The wildcards work both in the prefix and the postfix mode:
"*ism" ... matches records that contain words that end by letters
'-ism'
"*o*" ... matches records that contain words that contain the
letter 'o' anywhere in the word (kinda slow!)
4. Search for various fields is supported via Google "site:" like
syntax. For example:
"author:ellis" ... matches records containing the word 'ellis'
anywhere within author fields (100 $a, 700 $a)
"author:ellis, j?" ... matches records that start by 'ellis, j'
inside author fields (100 $a, 700 $a)
"title:muon*" ... matches records with the words like 'muon',
'muonic', 'muons', etc anywhere within the title
The old syntax is also accepted, e.g. "wab=trigger" is silently
changed into "abstract:trigger".
The power users may use MARC-21 fields directly:
"100__a:ellis?" ... matches records that have '100 $a' subfield
starting by letters 'ellis'
Note that all MARC-21 fields are searchable in this manner, for
example:
"909C0e:WA9?" ... matches records that have '909 C0 $e' subfield
starting by letters 'WA9'
You can search several 'near' MARC-21 fields in one go:
"24*:the cms?" ... matches records that have '24x xx $x' subfields
(where 'x' stands for anything) starting by
letters 'the cms'
"24:the cms?" ... ditto, syntactic sugar
"24:?the cms?" ... ditto, but letters 'the cms' can be found
anywhere within these fields (not only at its
beginning)
5. Phrase search syntax done when single or double quotes are used.
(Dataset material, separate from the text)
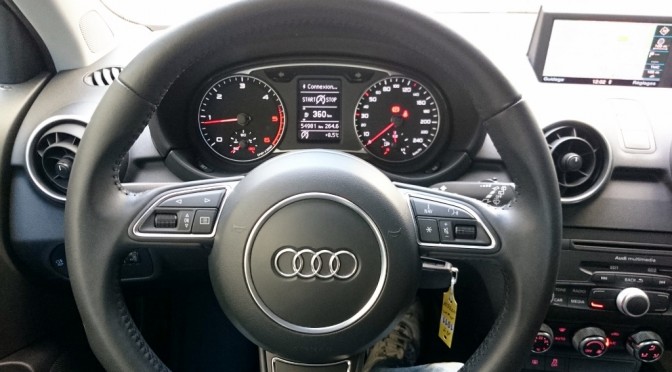 AUDI A1 1.6 TDI 90 // 1ère Main // GPS // BLUETOOTH // RADAR ARR // CARNET OK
The search is done by searching directly MARC-21 tags. The phrase
search is in fact a substring search, so that:
"author:'ellis, j'" ... matches authors like 'Ellis, John' or
'Ellis, J' but also 'Nellis, Jim' etc.
So that the difference beween "author:ellis, j?" and
"author:'ellis, j'" is that in the former case the start of the
field is fixed by the letter 'e', while in the latter case any text
may precede.
"title:'high precision'" ... matches titles "The high precision
measurements...', or '...rendered with
high precisions, etc.
"abstract:'f'" ... matches records that contain the letter 'f'
inside the abstract (extremely slow!). This is
because the phrase search is implemented as a
substring search, i.e. word boundaries are not
required nor checked.
6. All the syntax mentioned above can be combined together, e.g.
"author:ellis -muon* +abstract:'additional data' +909C0:199*" which
would match records that have the word 'ellis' inside author
fields, that do not contain words like 'muon', 'muonic' etc in any
field, that contain the phrase (or the substring, to be more
precise) 'additional data' inside abstract fields, and that have
'909 C0 $x' field (where 'x' stands for anything) starting by
digits '199'.
(Of course, our typical users would just type something like:
"ellis -muon* +199* 'additional data'" instead, which will give
them approximately the same number of hits and about ~10 times
faster.)
Please comment on this RFC as soon as possible.